Is venture debt right for you?
Venture debt is one of many viable options to consider when raising capital, but it’s not necessarily a one-size-fits-all solution that’s suited for every company.
For example, raising venture debt isn’t a good idea if:
- Your business isn’t growing fast or efficiently enough. Venture debt is best suited to fast-growing companies for which the value created through capital investment (e.g., in the form of revenue growth) meaningfully exceeds the cost of that capital. Borrowing at 15 percent makes no sense if you’re only growing at 10 percent. Likewise, if customer lifetime value is too low due to high churn or low margins, or customer acquisition costs are too high, then venture debt probably doesn’t make sense.
- You have no clear plan in place for using the capital. It’s critical that any funds borrowed are actively put to use to create value. Having excess debt capital on your balance sheet simply represents another cost with no benefit. The same can be said for raising excess equity capital except that the cost takes the form of unnecessary dilution. In that case, the cost is borne by the founder and early shareholders rather than the company.
- Your company hasn’t figured out its product market fit. This is an essential step in a company’s evolution. Companies that haven’t reached it are generally too early stage for most forms of venture debt and can likely be better financed with equity.
Remember, venture debt is an obligation that involves a fixed interest payment every month as well as capital being repaid at the end of the term. If a business isn’t confident that it can meet its obligation, it shouldn’t take on venture debt.
Although the pressure to raise capital is real, it’s important not to fall into the trap of associating raising a big round of equity with success. Founders, CEOs, and boards should take the time to evaluate all of their funding options. As part of that, they should consider the near- and long-term financial and operational consequences for the company and its early investors. In many cases, that will mean finding ways to raise capital from a combination of sources, including equity and debt. The key is to build the necessary foundation for the company to grow, but in a way that minimizes dilution and cost, and enables founders and early investors to retain the greatest control of their business.

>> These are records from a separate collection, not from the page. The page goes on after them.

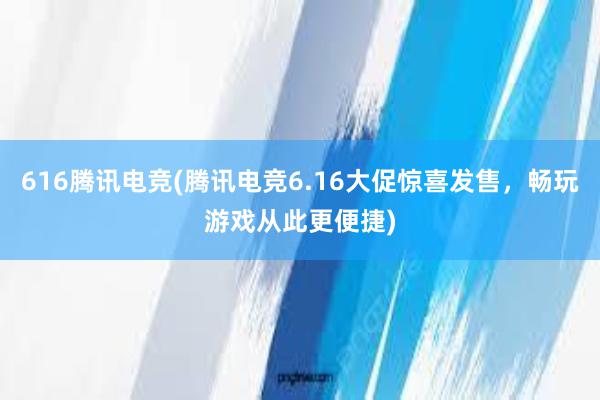 616腾讯电竞(腾讯电竞6.16大促惊喜发售，畅玩游戏从此更便捷)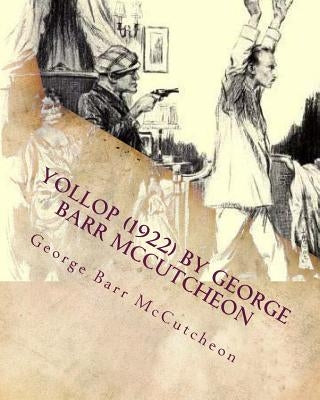 Yollop (1922) by George Barr McCutcheon Paperback Createspace Independent Publishing Platform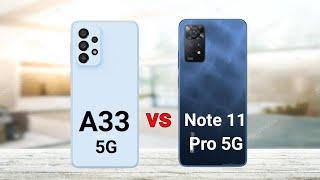Samsung Galaxy A33 5G vs Redmi Note 11 Pro 5G
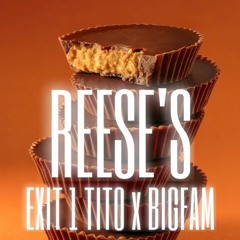 EXIT 1 TITO x BIGFAM - REESE'S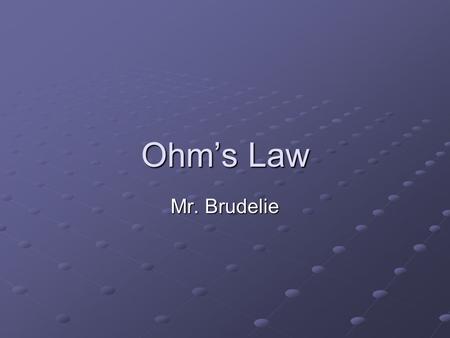 Ohm’s Law Mr. Brudelie. Ampere (A) Named for Andre Ampere Ampere is a measurement of electricity flowing through a circuit (gallons/min)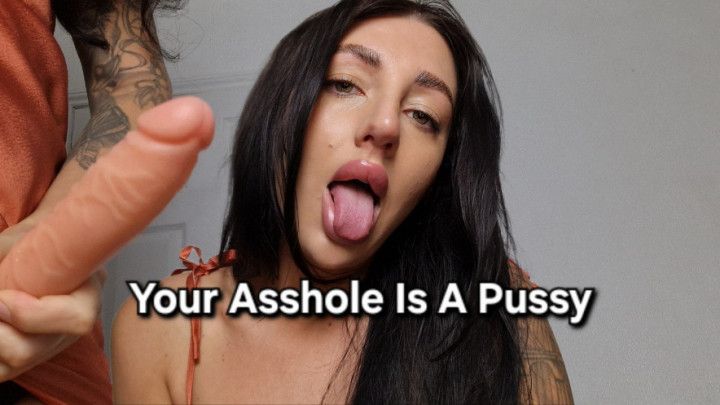 Your Asshole Is A Pussy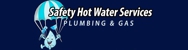 Safety Hot Water Services - Plumbers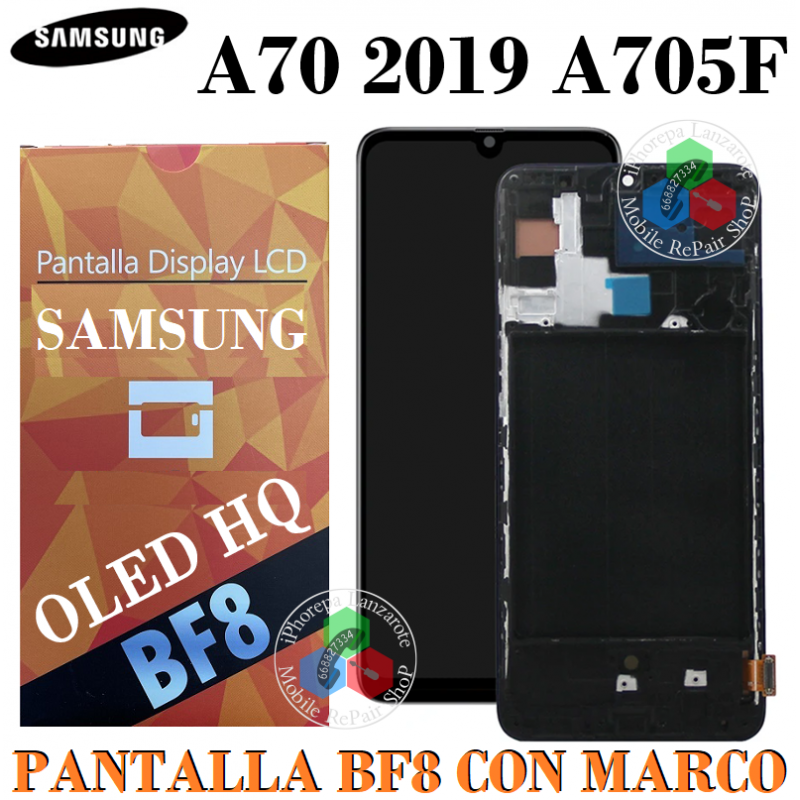 Samsung  A70 2019 A705F A705 - Pantalla OLED HQ BF8 CON MARCO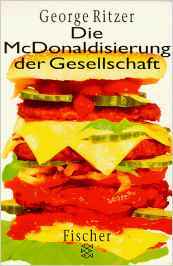 Die McDonaldisierung der Gesellschaft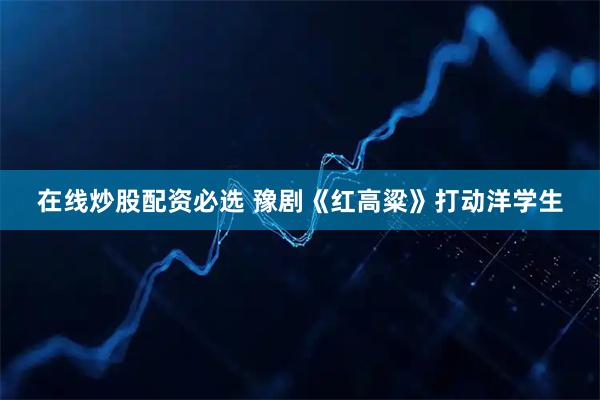 在线炒股配资必选 豫剧《红高粱》打动洋学生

By partnering with the right venture debt lender — one that understands the business and offers the flexibility to meet a borrower’s individual needs — companies can quickly access the capital they need to proactively grow their business. And they can do it in a way that doesn’t come at the cost of dilution or control for them or any of their investors. For fast-growing companies looking to further accelerate their growth, it makes a lot of sense.